→ **Exercise**
Below is a listing. Set down exactly the lines from the one containing "Modern Properties within" through the one containing "4 EV39 Scalamandre", both ends included, and leave out the rest.

→ **Records for this exercise**
———

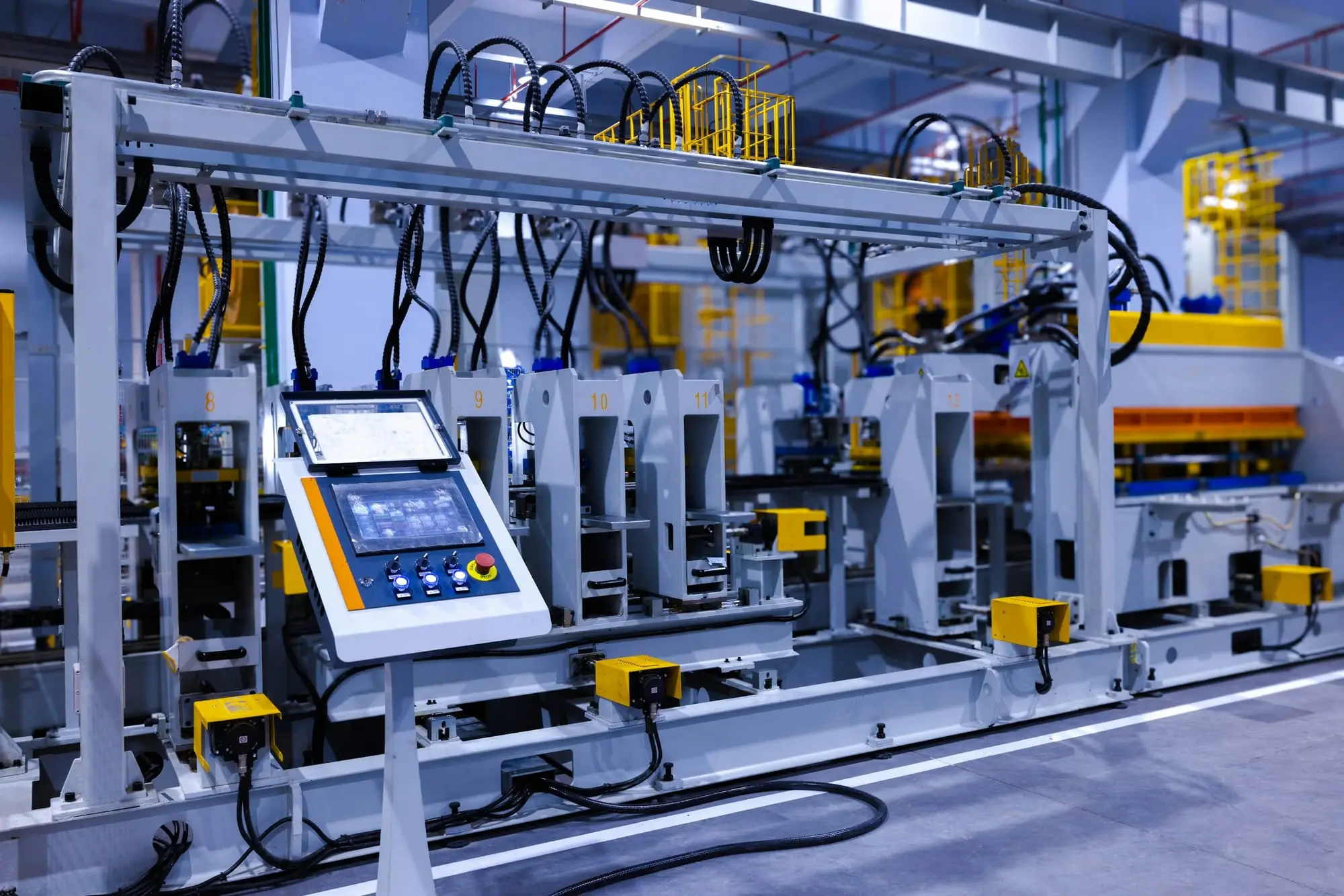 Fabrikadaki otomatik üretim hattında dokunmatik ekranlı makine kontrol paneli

———

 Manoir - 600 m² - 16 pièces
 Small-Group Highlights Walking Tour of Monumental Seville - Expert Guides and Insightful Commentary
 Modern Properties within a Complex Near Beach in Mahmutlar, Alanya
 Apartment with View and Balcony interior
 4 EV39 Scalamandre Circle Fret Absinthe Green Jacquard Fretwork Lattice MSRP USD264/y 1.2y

———

→ **Exercise solution**
 Modern Properties within a Complex Near Beach in Mahmutlar, Alanya
 Apartment with View and Balcony interior
 4 EV39 Scalamandre Circle Fret Absinthe Green Jacquard Fretwork Lattice MSRP USD264/y 1.2y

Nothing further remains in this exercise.